That Capello did not include Walcott is not entirely surprising. Wright-Phillips and Lennon are more orthodox wingers; Walcott is a central striker in waiting, taking his footballing education on the right flank. They have better delivery from wide positions and this is apparently what Capello wants, not a player adept at passing through defences. He wants someone to hug the touchline; that is not Walcott’s game. If reports are to be believed, the recent friendlies saw Walcott play himself out of the squad.
Martin Keown was less dismissive in his criticism of Walcott than Chris Waddle – ‘no footballing brain‘ – or Paul Merson – ‘he has not improved one iota since joining Arsenal‘ – but biting nonetheless:
He runs at a frightening pace, he is rapid, but when he gets into those positions he is not able to think quickly enough, does he pull it back, does he shoot or does he go on his own? His decision making is the problem, he hasn’t been able to do that.
Under Capello it seemed as if he has been getting it right in the main, under Wenger, no, there has been a problem, whether or not that is the coaches’ fault, it has to be the players, he has just not played enough games.
It is hard to understand Keown’s logic. He is normally far better informed about players than the last sentence suggests. Quite simply, you cannot play if you are not fit. Walcott was screwed over by the selfish motives of Pearce and Capello last summer and is paying the price now.
The criticism of Wenger albeit tempered, fits with the media profile of the Arsenal coach. To blame him for injuries caused through overplaying is a bit rich, especially when he very vocally ciriticised the England set-up for the decision to call Walcott into the Under-21 and senior squad last summer. Those exertions limited the player to 15 starts (and 15 substitute appearances) in 2009/10; hardly proof of fitness.
That is not to say Keown is incorrect in his assessment of Walcott:
He has become a bit of a one-trick pony in terms of going for the line. People just double up on him. When he has got time and space then he finds it a problem and he has got to sort that out with his game.
Walcott’s judgement is at times suspect yet he is 21 years old and has made 75 starts (plus 61 substitute appearances). To expect that aspect of his game to be perfect is incredibly naive. Problematically, Walcott came with great expectations and the burden of a huge price tag.
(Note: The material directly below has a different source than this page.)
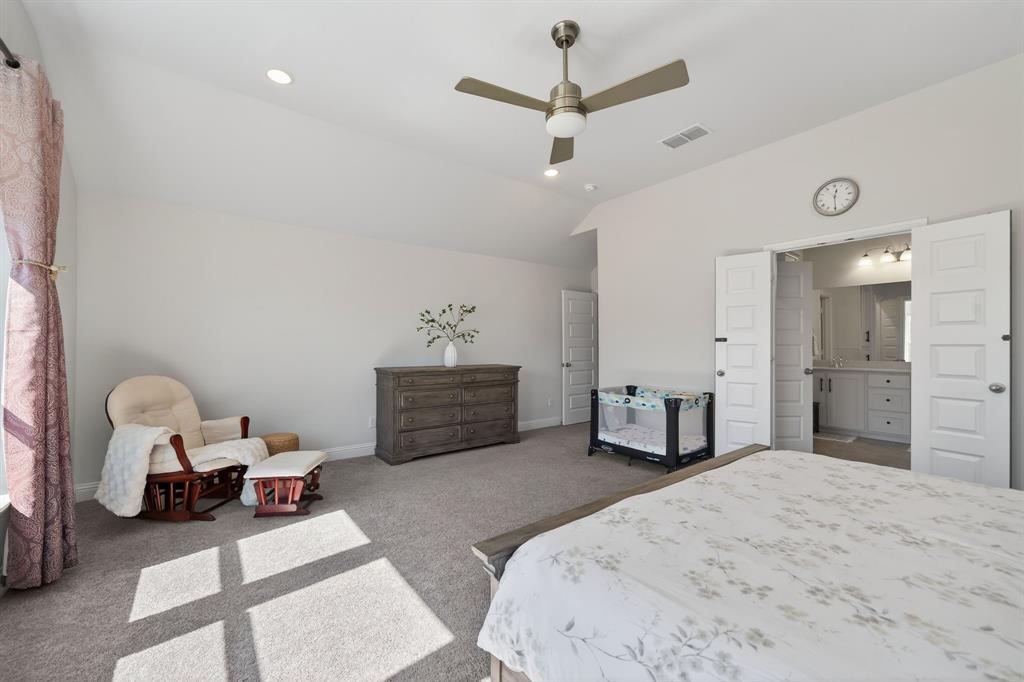 MEADOW RUN PHASE 2 (CML) - Residential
Add into that mix the folly of inclusion in the 2006 squad and constant pronouncements by successive England managers that Theo is the most naturally gifted English player of his generation, the snowball effect had built. Underpar performances for the national team over the past two years in the eyes of the media have meant the slow burning fires of disenchantment were gradually heating. The flames roared into life in the past fortnight but opinion was divided.
He has to pick himself up for next season. From a selfish point of view, Arsene will not be disappointed, knowing that Walcott will be fit for a full pre-season, motivated by this disappointment to show the world how good he really is. If the latter is an issue, then there is a problem. Nothing so far suggests that will be the case.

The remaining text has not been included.